First, you can obtain Placekey API from Placekey | Solve Address Matching Problems with a Free Universal Location ID. They provide wonderful documentation on their API. Once you have a key, then you can use the following R codes to generate Placekeys.

library(httr);
library(rjson);
library(jsonlite);
library(rstudioapi);
library(plyr);

PLACEKEY_URL = "https://api.placekey.io/v1/placekey";
PLACEKEYS_URL = "https://api.placekey.io/v1/placekeys";

placekey_list_to_df = function(x) {
  # x = res_con[[2]]
  qid = x$query_id;
  pk = x$placekey;
  if(is.null(pk)) {
    pk = NA;
  }
  er = x$error;
  if(is.null(er)) {
    er = NA;
  }
  return(data.frame(query_id = qid, placekey = pk,error = er));
}

# get multiple Placekeys
get_placekeys_single_batch = function(apikey, location, query_id = NULL) {
  # location = data.frame(rhub[1:5, c("address", "city", "state", "zip")],iso_country_code = "US")
  # location = sub_loc
  # query_id = sub_query_id
  if(is.null(query_id)) {
    query_id = paste0("", 1:nrow(location));
  }
  
  loc_df = data.frame(query_id = query_id, as.data.frame(location));
  
  if(ncol(location) == 2) {
    colnames(loc_df) = c("query_id",
                         "latitude", "longitude")
  } else if(ncol(location) == 5) {
    colnames(loc_df) = c("query_id",
                         "street_address", "city",
                         "region", "postal_code", "iso_country_code")
  } else if(ncol(location) == 6) {
    colnames(loc_df) = c("query_id",
                         "location_name",
                         "street_address", "city",
                         "region", "postal_code", "iso_country_code")
  } else {
    print("check your location data.")
    return (NULL);
  }
  
  loc_df_json_str = toJSON(loc_df);
  
  body_str = paste0('{"queries": ', loc_df_json_str, '}');
  
  response = POST(PLACEKEYS_URL,
                  add_headers(.headers = c("apikey"=apikey,
                                           "Content-Type"="application/json")),
                  body = body_str);
  
  if(response$status_code != 200) {
    print(paste0("Error with status code ", response$status_code));
    print(content(response));
    
    return(NULL);
  }
  
  res_con = content(response);
  
  if(length(res_con) > 0) {
    res_con_regular = lapply(res_con, placekey_list_to_df);
    res_df = do.call(rbind.data.frame, res_con_regular);
    # bb = ldply(res_con, data.frame)
  return(res_df);
  } else {
    return (NULL);
  }
}

get_placekeys = function(apikey, location, query_id = NULL, query_limit = 1000) {
  # location = data.frame(rhub[, c("address", "city", "state", "zip")], iso_country_code = "US")
  n_row = nrow(location);
  n_queries = ceiling(n_row/query_limit);
  
  if(is.null(query_id)) {
    query_id = paste0("", 1:n_row);
  }
  
  placekeys_buff = NULL;
  for(n_query in 1:n_queries) {
    print(paste0("Querying batch number ", n_query, "/", n_queries))
    beg_index = 1 + (n_query-1) * query_limit;
    end_index = n_query * query_limit;

    if(end_index > n_row) {
      end_index = n_row
    }
    
    sub_query_id = query_id[beg_index:end_index];
    sub_loc = location[beg_index:end_index, ];
    
    placekeys_df = get_placekeys_single_batch(apikey, sub_loc, sub_query_id);
    if(is.null(placekeys_df)) {
      return(NULL);
    }
    placekeys_buff = rbind(placekeys_buff, placekeys_df)
  }
  
  return(placekeys_buff);
}

There are two major functions you can use
get_placekeys_single_batch and get_placekeys.

Both functions generate Placekeys for multiple locations.

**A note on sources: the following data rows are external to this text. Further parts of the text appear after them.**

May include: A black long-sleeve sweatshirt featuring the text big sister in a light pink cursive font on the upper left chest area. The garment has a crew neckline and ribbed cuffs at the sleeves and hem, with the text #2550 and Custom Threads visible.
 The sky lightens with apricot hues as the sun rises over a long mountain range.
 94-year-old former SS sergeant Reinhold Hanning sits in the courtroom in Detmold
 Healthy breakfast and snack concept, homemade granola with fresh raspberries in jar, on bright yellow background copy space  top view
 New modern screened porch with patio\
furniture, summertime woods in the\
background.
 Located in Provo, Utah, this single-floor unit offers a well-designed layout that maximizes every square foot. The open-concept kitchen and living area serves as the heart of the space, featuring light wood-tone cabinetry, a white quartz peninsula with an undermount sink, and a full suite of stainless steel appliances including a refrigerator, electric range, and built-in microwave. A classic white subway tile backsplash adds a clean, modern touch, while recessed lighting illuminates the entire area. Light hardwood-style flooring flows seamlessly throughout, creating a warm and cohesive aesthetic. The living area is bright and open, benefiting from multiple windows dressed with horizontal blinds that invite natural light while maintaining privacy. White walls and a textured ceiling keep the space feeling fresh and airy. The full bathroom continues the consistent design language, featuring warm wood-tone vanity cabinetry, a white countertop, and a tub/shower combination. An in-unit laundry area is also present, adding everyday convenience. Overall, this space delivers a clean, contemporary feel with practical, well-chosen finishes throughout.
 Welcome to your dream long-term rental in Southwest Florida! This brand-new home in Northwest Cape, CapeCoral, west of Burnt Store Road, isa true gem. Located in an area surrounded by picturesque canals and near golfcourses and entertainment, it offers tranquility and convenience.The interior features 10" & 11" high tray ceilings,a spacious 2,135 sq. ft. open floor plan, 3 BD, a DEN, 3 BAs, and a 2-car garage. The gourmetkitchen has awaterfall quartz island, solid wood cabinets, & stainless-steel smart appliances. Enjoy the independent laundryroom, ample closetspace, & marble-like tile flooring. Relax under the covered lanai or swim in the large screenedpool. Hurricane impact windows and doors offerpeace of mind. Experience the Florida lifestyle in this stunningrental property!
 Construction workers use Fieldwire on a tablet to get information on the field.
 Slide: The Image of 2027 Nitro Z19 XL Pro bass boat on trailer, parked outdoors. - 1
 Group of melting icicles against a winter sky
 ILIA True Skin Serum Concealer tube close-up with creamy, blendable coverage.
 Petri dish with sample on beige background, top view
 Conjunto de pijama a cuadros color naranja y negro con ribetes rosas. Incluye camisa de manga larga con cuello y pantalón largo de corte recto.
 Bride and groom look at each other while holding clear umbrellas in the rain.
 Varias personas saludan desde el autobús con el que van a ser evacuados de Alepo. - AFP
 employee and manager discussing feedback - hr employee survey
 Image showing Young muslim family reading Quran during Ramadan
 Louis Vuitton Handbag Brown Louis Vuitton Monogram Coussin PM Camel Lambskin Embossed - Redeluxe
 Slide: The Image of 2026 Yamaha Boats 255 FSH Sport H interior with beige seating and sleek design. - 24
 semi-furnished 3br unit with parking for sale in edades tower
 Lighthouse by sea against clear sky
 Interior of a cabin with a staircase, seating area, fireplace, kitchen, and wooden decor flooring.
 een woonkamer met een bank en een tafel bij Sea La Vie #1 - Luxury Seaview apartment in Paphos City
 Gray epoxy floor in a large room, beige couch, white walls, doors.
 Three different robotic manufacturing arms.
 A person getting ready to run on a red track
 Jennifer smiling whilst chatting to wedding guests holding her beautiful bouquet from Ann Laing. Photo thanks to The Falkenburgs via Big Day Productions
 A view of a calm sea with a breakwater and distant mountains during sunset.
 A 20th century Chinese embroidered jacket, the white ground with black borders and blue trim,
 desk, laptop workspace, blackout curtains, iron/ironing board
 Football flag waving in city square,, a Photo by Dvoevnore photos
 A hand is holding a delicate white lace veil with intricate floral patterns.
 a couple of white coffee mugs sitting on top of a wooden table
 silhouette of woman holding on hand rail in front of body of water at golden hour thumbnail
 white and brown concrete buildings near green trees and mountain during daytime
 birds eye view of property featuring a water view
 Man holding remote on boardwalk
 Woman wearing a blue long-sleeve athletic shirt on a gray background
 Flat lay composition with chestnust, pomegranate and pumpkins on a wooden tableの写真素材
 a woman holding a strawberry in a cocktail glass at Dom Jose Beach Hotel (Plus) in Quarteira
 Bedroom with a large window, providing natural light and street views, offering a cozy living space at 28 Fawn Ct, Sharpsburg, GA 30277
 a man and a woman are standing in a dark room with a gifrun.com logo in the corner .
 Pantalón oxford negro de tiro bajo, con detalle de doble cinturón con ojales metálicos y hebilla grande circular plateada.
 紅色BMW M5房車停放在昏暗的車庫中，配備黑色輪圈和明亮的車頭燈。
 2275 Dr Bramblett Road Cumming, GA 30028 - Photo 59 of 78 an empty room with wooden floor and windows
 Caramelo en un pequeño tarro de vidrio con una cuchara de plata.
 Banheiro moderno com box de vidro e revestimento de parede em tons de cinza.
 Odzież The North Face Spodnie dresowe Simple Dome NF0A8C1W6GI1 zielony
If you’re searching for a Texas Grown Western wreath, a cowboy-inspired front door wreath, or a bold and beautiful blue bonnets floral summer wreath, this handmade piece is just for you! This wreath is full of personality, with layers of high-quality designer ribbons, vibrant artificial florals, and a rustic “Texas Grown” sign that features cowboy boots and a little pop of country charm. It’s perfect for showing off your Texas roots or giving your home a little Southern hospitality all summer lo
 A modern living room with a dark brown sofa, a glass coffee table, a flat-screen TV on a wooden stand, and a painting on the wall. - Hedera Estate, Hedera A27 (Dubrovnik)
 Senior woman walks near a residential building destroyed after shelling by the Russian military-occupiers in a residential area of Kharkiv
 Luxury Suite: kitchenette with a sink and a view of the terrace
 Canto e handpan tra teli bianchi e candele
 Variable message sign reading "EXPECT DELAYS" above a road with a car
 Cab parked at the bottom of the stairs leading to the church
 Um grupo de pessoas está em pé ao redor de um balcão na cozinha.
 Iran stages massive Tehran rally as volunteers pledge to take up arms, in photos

However, Placekey limits the number of locations per query to 100ish (I could generate more than that, though, but there is definitely a limit.) So, if your data has fewer than that limit, you can use get_placekeys_single_batch. If you have more data points (most likely), then use get_placekeys. get_placekeys simply splits location data and call get_placekeys_single_batch multiple times.

get_placekeys parameters:
apikey: your API key in string
location: data.frame of your location (address or geocode)
query_id: custom name of each of your locations. Default value is NULL and if that is the case, query_id will be integer numbers starting from 1.
query_limit: number of locations per query. Default is 1000. The 1000 worked for me most of the cases, but if you encounter errors, reduce it to 200 or fewer.

Here are some examples.

You can pass (lat, long) geocode. You can pass multiple locations in a data.frame.

get_placekeys_single_batch(apikey, data.frame(lat = 37.69640, long = -122.4804))

You can pass street address.

# McDonalds in NY
df1 = data.frame(location_name = NA,
                 address= "541 6th Ave",
                 city = "New York", 
                 state = "NY", zip ="10011",
                 iso_country_code = "US")

# McDonalds in NY with location_name
df11 = data.frame(location_name = "McDonald's",
                  address= "541 6th Ave",
                 city = "New York", 
                 state = "NY", zip ="10011",
                 iso_country_code = "US")

# McDonalds in NY with location_name left out.
df12 = data.frame(address= "541 6th Ave",
                  city = "New York", 
                  state = "NY", zip ="10011",
                  iso_country_code = "US")

df1, df11 and df12 contain the address for McDonalds in NY. Columns should be in the order of location_name, address, city, state and iso_country_code. You can name the columns as you like as far as the order is correct. In df1, location_name is set to NA, in df11 location_name is given and df12 location_name is omitted, which is fine. Most of the cases, data comes without location name and df12 will be most common practice. Let’s get Placekey for df1 (without location_name).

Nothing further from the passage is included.